AP's how-to-use-hyphens-wisely guide causes consternation among pedants


English is a glorious syncretic mess of a language, what you get when you blend together a bunch of mispronounced German, French and Latin words and then salt with the vernacular of a hundred other languages, without having to heed stern pronouncements from an official language academy.


The grammar "rules" or "laws" you were taught in school are descriptive ("this is how people talk") not proscriptive ("this is how people should talk") but plenty of teachers and pedantic grammarians like to pretend that there is such a thing as correct English and take enormous pleasure in going around shouting at people whose speech or writing contain such sins as double negatives, split infinitives and singular "they"s, despite the long pedigree and wide use of these constructions.


The pedant's best friend is the Associated Press Stylebook, which has always billed itself as guidelines and advice, not rules or laws, but which has been turned into a holy scripture by people who think their beliefs about grammar make them an oppressed religious minority.


And just as Pope Francis's progressive pronouncements on migration and climate have enraged self-declared "Catholics" like Steve Bannon, the AP's most humane and modern recommendations are often met with outraged denunciations from grammarians who consider themselves such true partisans of the AP Stylebook that they are prepared to defend it from those well-known heretics, the editors of the AP Stylebook.

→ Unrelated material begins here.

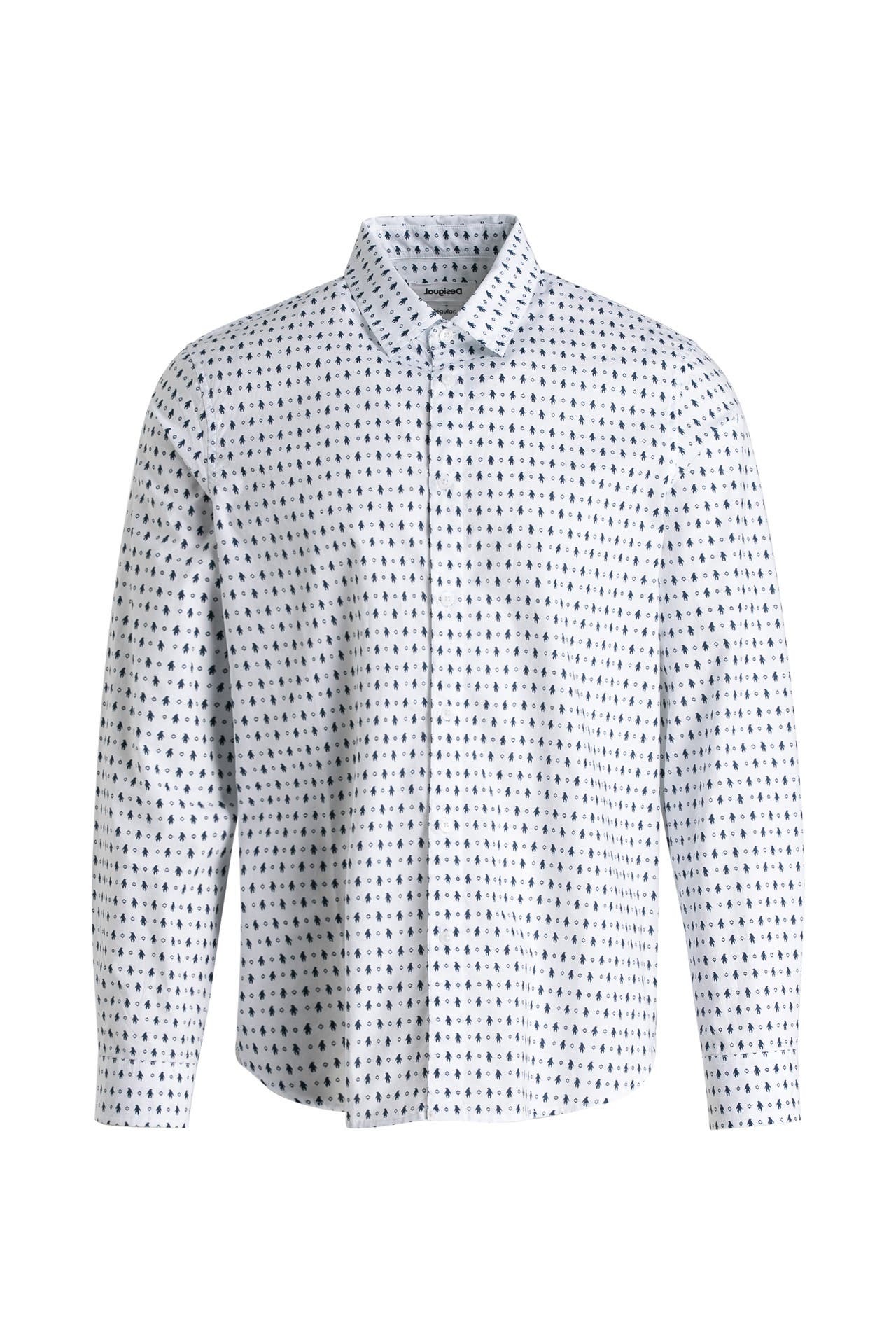 DESIGUAL Hemd gemustert weiß, Bild 1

One recent such fight was the AP's recommendation to eliminate hyphens in compound modifiers "if the modifier is commonly recognized as one phrase, and if the meaning is clear and unambiguous without the hyphen" such as "first quarter touchdown."


After sustained outrage, the AP backtracked and reversed its advice: "We agree that, for instance, first-half run should be hyphenated. So to conform, we are returning the hyphen to the -quarter phrases. We also hyphenate first-degree murder. But we're keeping the no-hyphen first grade student, just like high school student."

This, in turn, created more sectarian dissent from people who were still outraged over hyphens.

Meanwhile, as Columbia Journalism Review's Merrill Perlman points out, the AP has always said that hyphens are an art, not a science, and called on writers to use their own judgment: "Think of hyphens as an aid to readers' comprehension. If a hyphen makes the meaning clearer, use it. If it just adds clutter and distraction to the sentence, don't use it. If the sheer number of hyphens in a phrase, or confusion about how to use them, can daunt either the writer or the reader, try rephrasing. It's a guide about how to use hyphens wisely, not it's a how-to-use-hyphens-wisely guide."


The apparent problem is that AP refuses to set down "rules." As the stylebook says, using hyphens "can be a matter of taste, judgment and style sense." Judging by many of the Twitter reactions to the change to the changes, people want "rules."

"Rules" are easy to follow; "guidelines" require you to stick your neck out and decide based on what the orchid-loving detective Nero Wolfe would call "intelligence guided by experience." It means you have to believe in your own decision-making abilities.